* **Task details**: Excluding pictures, what does the listing below contain from the line with "Mens Linen Hoodies" up to and including the line with "Original Unsigned Pen", word for word?

* **Records shown**:
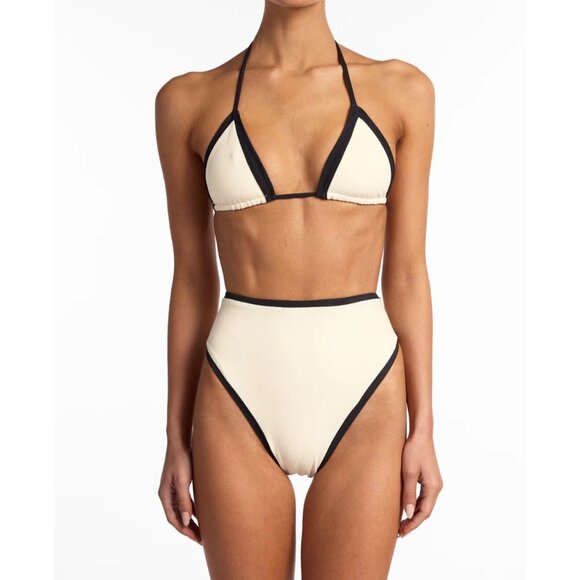 SAME Los Angeles Bottom Swim  Womens High Rise Solid Size Medium Ribbed Beige - Picture 2 of 8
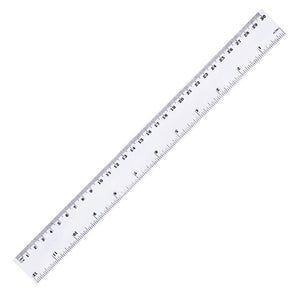 Modest Plastic Ruler, Transparent, (12") 30cm - 1Pcs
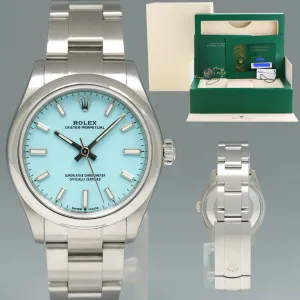2025 NEW PAPERS Rolex Oyster 277200 Perpetual 31mm Tiffany BLUE Watch Box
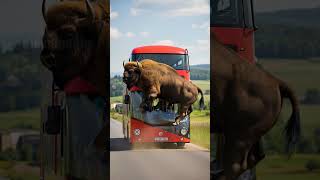 Bison Stops Double Decker Bus From Deadly Accident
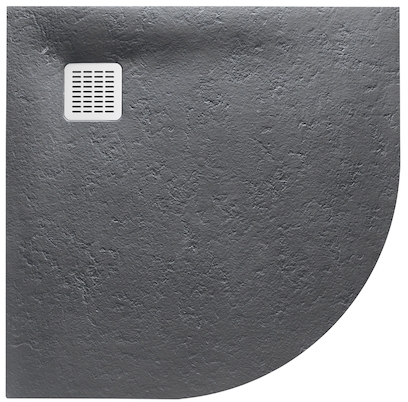 Roca Terran félkör alakú zuhanytálca 90x90 cm szürke AP10538438401200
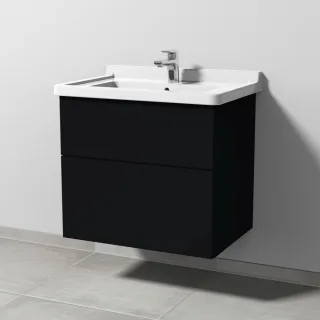 Sanipa 3way Waschtischunterbau zu Duravit Starck 3 Waschtisch mit 2 Auszügen, Schwarz-Matt SF71008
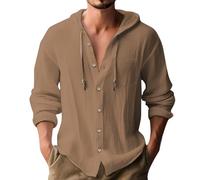 Mens Linen Hoodies Thin Lightweight Long Sleeve Button Down Hooded Shirts Summer Casual Drawstring Plain Hoody Tops Solid Color Comfy Pullover Sweatshirts Hippie Beach Holiday Work Tshirt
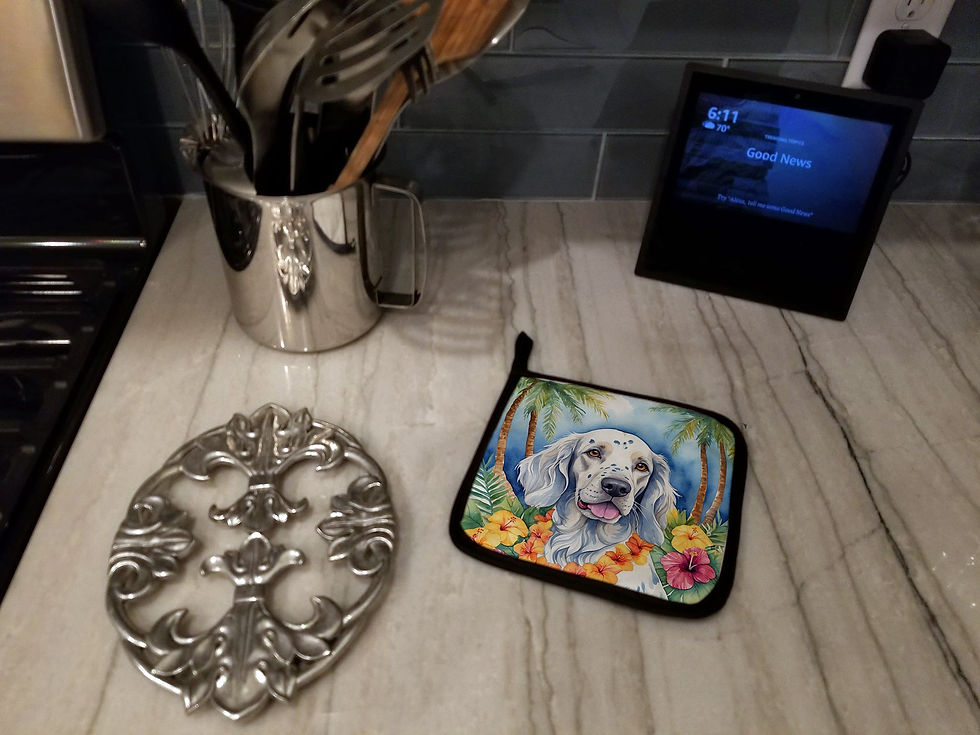 Thumbnail: English Setter Luau Pair of Pot Holders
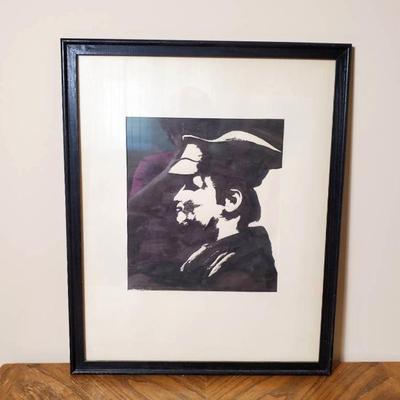 Original Unsigned Pen and Ink Profile Framed - 21.5x17.5"
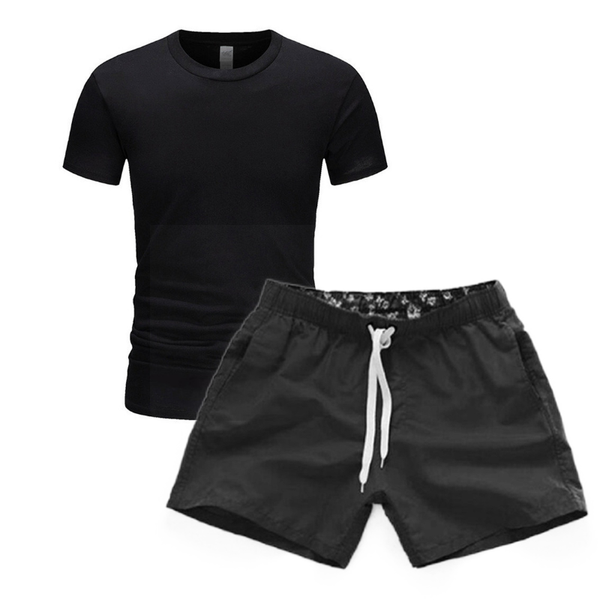 

gym clothing men's running suit outdoor cycling jogging comprehensive training basketball sportswear fitness t-shirt sports shorts, White;black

* **Exercise result**:
 Mens Linen Hoodies Thin Lightweight Long Sleeve Button Down Hooded Shirts Summer Casual Drawstring Plain Hoody Tops Solid Color Comfy Pullover Sweatshirts Hippie Beach Holiday Work Tshirt
 Thumbnail: English Setter Luau Pair of Pot Holders
 Original Unsigned Pen and Ink Profile Framed - 21.5x17.5"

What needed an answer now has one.